# Can crab dip be frozen?



## JudyH (May 21, 2006)

I purchased way too much of this great crab dip from Santoni's and need to know if I can freeze it in smaller portions.  It's been heated once.  Thanks.


----------



## Jestjoan (May 22, 2006)

Maybe a home economist from your county extension office could answer that question........(or Cat?)


----------



## Makai Guy (May 22, 2006)

Sure it can be frozen.  But whether it will be any good after you thaw it out is another question altogether. 

I guess the most I'd expect would be a little separation that you could fix by stirring it up a bit.  But then, I'm no expert ...


----------



## fnewman (May 22, 2006)

If you are certain it wasn't previously frozen, I don't see why not.


----------



## Cat (May 23, 2006)

Jestjoan said:
			
		

> Maybe a home economist from your county extension office could answer that question........(or Cat?)



Depends on two things. First, is one of its main constituent sour cream? If so, be aware that sour cream products have a tendency to separate upon thawing. Although not harmful in any way, all eye appeal vanishes. If it's mainly cream cheese, however, you should be OK.
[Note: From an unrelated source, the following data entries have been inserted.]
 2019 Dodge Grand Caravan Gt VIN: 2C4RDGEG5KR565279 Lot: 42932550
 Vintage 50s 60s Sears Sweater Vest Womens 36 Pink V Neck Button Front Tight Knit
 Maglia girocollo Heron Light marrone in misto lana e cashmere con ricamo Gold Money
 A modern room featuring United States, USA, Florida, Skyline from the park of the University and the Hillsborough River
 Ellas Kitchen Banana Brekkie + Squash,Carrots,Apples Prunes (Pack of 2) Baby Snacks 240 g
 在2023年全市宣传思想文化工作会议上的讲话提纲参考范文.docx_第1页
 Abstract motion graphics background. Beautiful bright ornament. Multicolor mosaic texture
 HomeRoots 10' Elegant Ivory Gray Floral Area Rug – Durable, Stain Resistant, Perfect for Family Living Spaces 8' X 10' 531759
Secondly, regarding safety for future consumption, to what temperature was it heated? If not over 140 degrees, and if it was not held scrupulously at 140 degrees or higher until cooling and promptly refrigerating, then don't freeze it.

If you do decide that it qualifies for freezing, be sure to allow 24 hours for thawing _in the refrigerator only, never at room temperature_.


----------